Single by Tini

from the album Un Mechón de Pelo
- Language: Spanish
- Released: 9 April 2024
- Length: 3:23
- Label: 5020; Sony Latin; Hollywood;
- Songwriters: Martina Stoessel; Andrés Torres; Mauricio Rengifo;
- Producers: Andrés Torres; Mauricio Rengifo;

Tini singles chronology
| "Posta" (2024) | "Buenos Aires" (2024) | "Agua" (2024) |

Music video
- "Buenos Aires" on YouTube

= Buenos Aires (Tini song) =

2024 single by Tini

"Buenos Aires" is a song by Argentine singer Tini and the sixth track of her fifth studio album, Un Mechón de Pelo (2024). She wrote the song along with its producers Andrés Torres and Mauricio Rengifo. It was released on 9 April 2024 as the third single from the album through 5020 Records, Sony Music Latin and Hollywood Records.

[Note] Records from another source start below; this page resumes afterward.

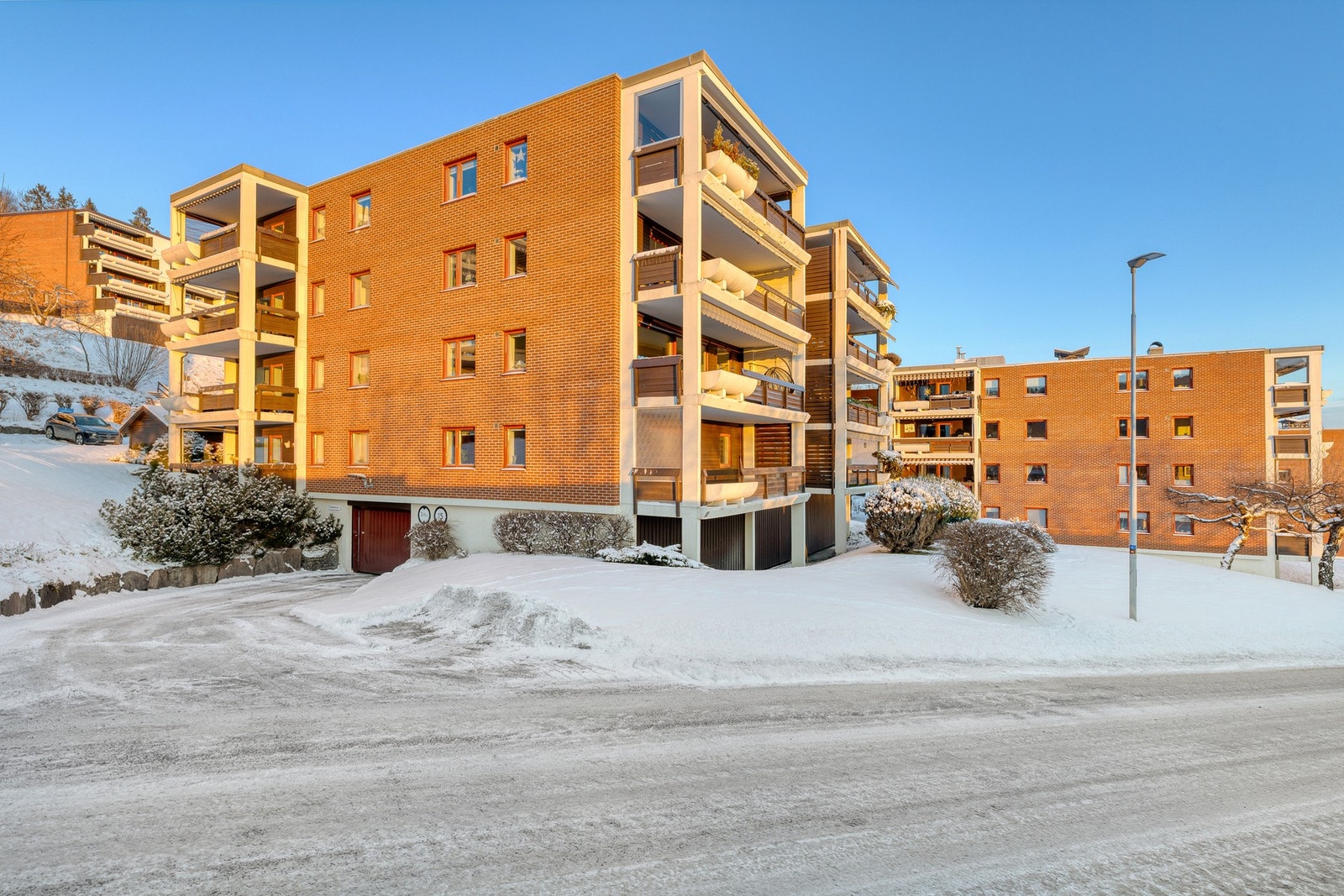 Den aktuelle leiligheten ligger i en høy 1.etasje Galleribilde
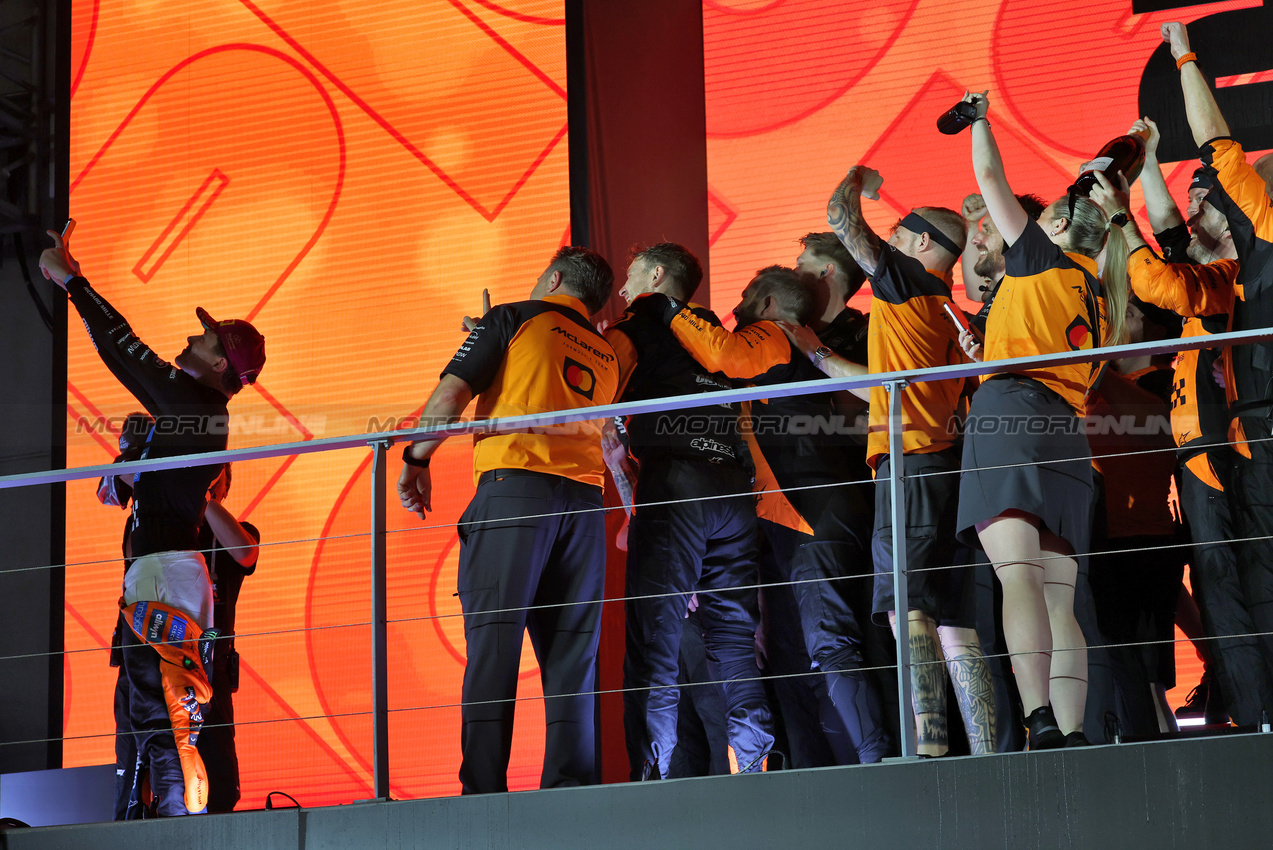 GP SINGAPORE, Zak Brown (USA) McLaren Executive Director celebrates winning the Constructors' Championship on the podium with Lando Norris (GBR) McLaren e the team.

05.10.2025. Formula 1 World Championship, Rd 18, Singapore Grand Prix, Marina Bay Street Circuit, Singapore, Gara Day.

- www.xpbimages.com, EMail: requests@xpbimages.com © Copyright: Batchelor / XPB Images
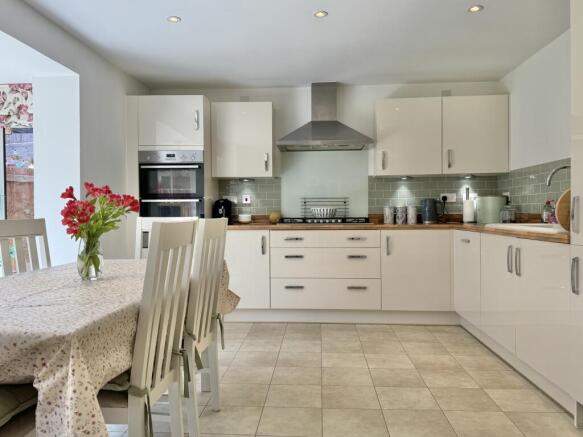 Kitchen/Dining Room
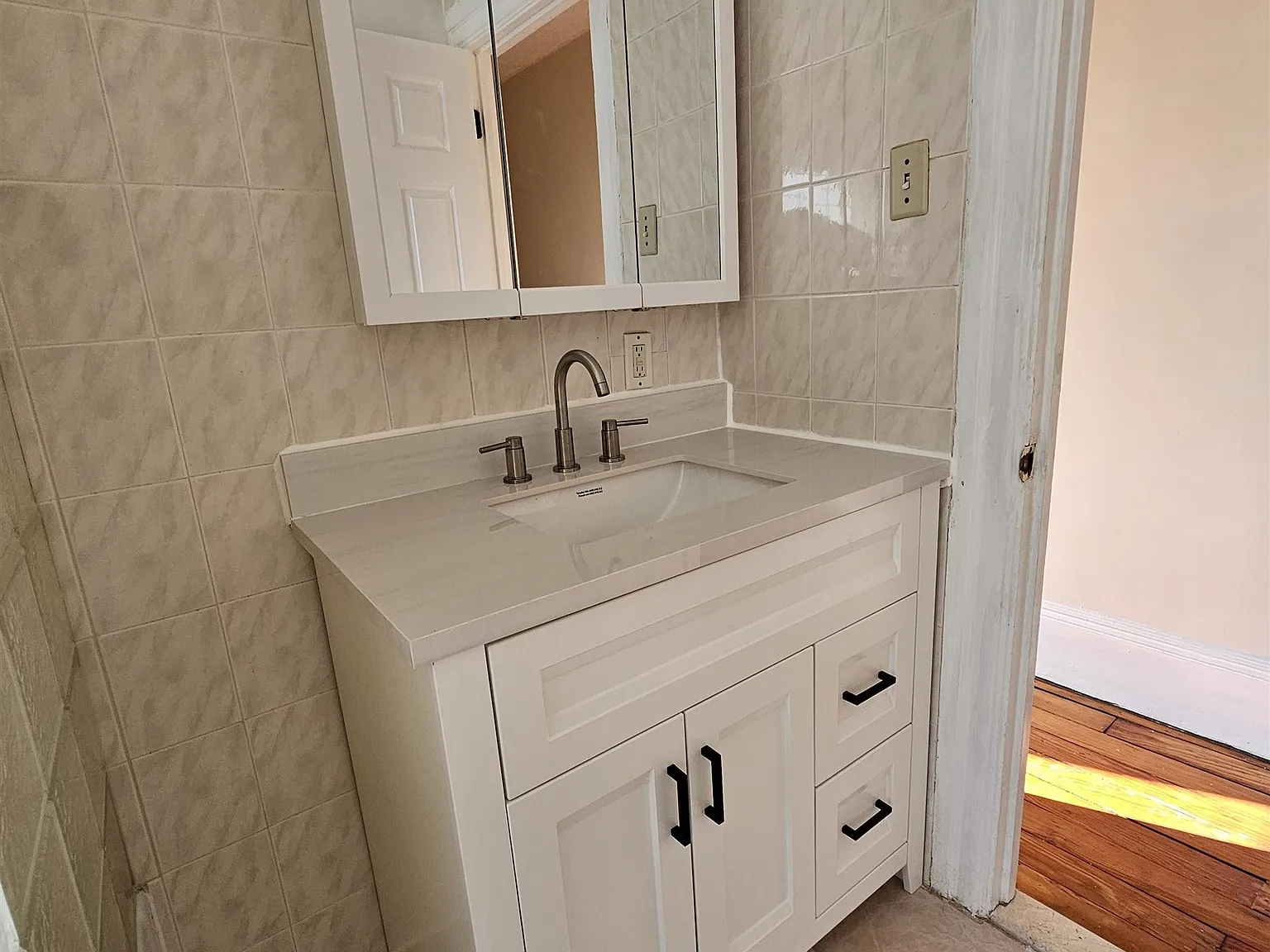 3 bed, 1.0 bath, $3,000 — Photo 2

An accompanying music video was released simultaneously.

== Background ==
In March 2024, Tini blanked out her social media accounts and removed her profile picture hinting at an announcement. On 26 March, she announced her fifth full-length album, Un Mechón de Pelo, while revealing its title and release date, 11 April 2024. On the following day, she shared the cover artwork of the album and its track listing, in which "Buenos Aires" appears as the sixth song. On 31 March, the artist confirmed the release of "Pa", the opening track dedicated to her father, as the lead single from the record. "Posta" followed as the second single on 4 April, a song with lyrics about the criticism she has received for her appearance and her private life.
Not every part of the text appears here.